Coho Crash Tagging
By NW Indian Fisheries Commission
Because of an unexpectedly low number of young coho leaving Goldsborough Creek this spring, the Squaxin Island Tribe is borrowing some hatchery salmon to carry on a research project.
"We were expecting a relatively healthy run of outgoing coho this spring, somewhere around 55,000 fish," said Scott Steltzner, biologist for the Squaxin Island Tribe. "But, this year, the run is looking to be around just a third of that. More troubling, the fish are coming out smaller than we'd expect."
Because of the low run and small fish the tribe is having a hard time finding candidates for an acoustic tagging project now in its second year. The tribe is borrowing 25 juvenile hatchery coho from the state's nearby Minter Creek hatchery to tag and release into Goldsborough Creek.

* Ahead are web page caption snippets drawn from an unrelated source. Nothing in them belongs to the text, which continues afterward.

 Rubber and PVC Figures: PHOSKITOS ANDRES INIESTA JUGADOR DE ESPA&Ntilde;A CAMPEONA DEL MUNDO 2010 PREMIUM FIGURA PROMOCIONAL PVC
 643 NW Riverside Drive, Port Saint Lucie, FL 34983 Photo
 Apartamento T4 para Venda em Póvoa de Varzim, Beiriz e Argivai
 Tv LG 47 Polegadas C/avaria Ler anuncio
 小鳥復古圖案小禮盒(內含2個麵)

Tiny transmitters implanted into juvenile coho allow researchers to track the young fish as they make their way out to saltwater. "We've used this technology to track coho across deep South Sound, but now we're taking a closer look at Shelton Harbor," Steltzner said.

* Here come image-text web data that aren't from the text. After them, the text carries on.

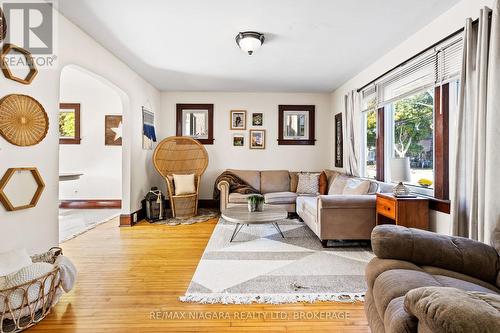 222 Alexandra Street, Port Colborne (878 - Sugarloaf), ON - Indoor Photo Showing Living Room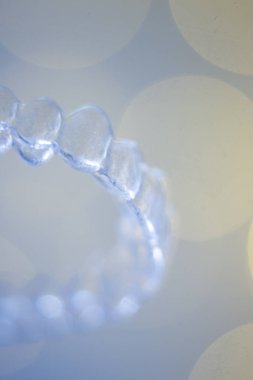 Kozmetik güzellik Diş Hekimliği Diş Bakımı diş düzeltmek için diş aligner görünmez diş hekimi diş teli ayraç.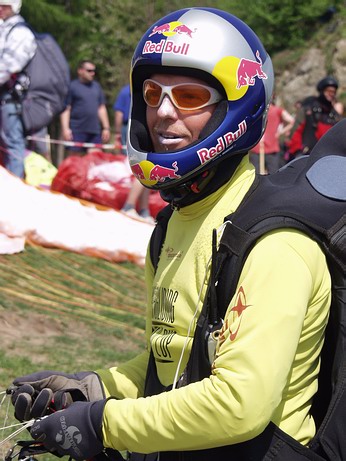  Vedouc� z�vodn�k Tom� Brauner na startu 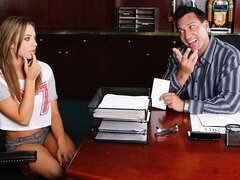 Niñera, Culo grande, Verga grande, Mamada, Estilo perrito, Tetas naturales, Adolescente, Tetas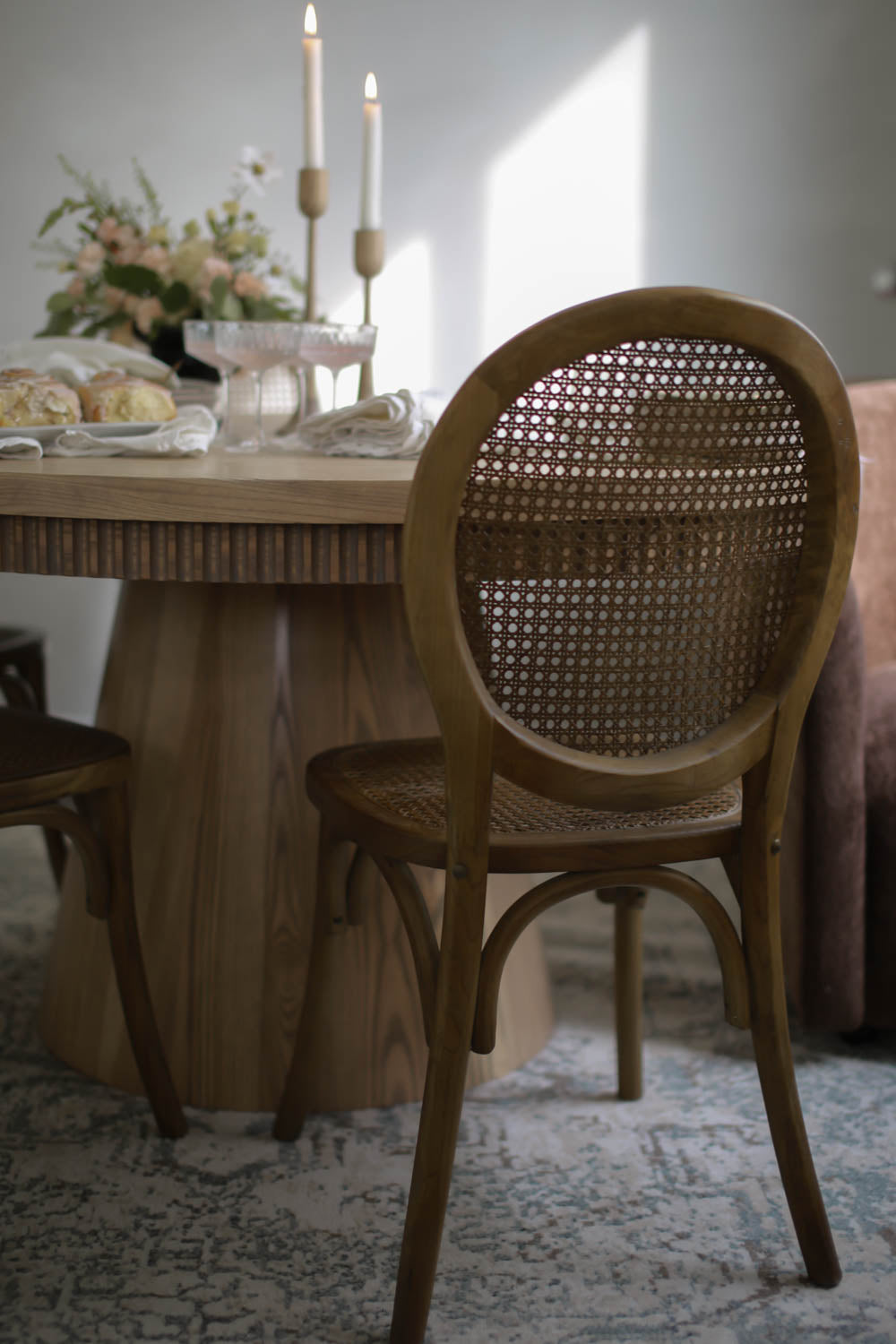 Remington Round Dining Table - Primrose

An array of acoustic receivers located along the creek, in Shelton Harbor and all the way out to the Pacific Ocean will track the fish as they begin their migration. Each tagged coho's individual sonic frequency is picked up when it passes by a receiver and its movements are tracked for several hundred yards.
This year's low run is in strong contrast to a recent trend of increasing coho runs in Goldsborough Creek in the aftermath of a dam removal ten years ago. "We've seen steadily increasing runs since salmon were able to access almost 25 miles of new habitat in the upper watershed," Steltzner said. "In fact, we expected this year to be one of the largest coho years since the dam came down."
The coho crash in Goldsborough likely has something to do with a regional decline in coho returns over the past two years. Throughout southern Puget Sound coho returns the last two falls have been much smaller than predicted. "Goldsborough had been a stand-out for coho, showing strong returns even while other creeks have been in decline," Steltzner said. "It looks like there's a drastic regional decline in coho that's impacting even relatively healthy creeks like Goldsborough."
Fittingly, the tribe's acoustic research could point to solutions to the regional coho crash. "We're looking for how salmon are surviving in saltwater," Steltzner said. "If the reason for the lack of coho can't be found in the freshwater environment, seeing how they're doing farther out in Puget Sound could provide some clues."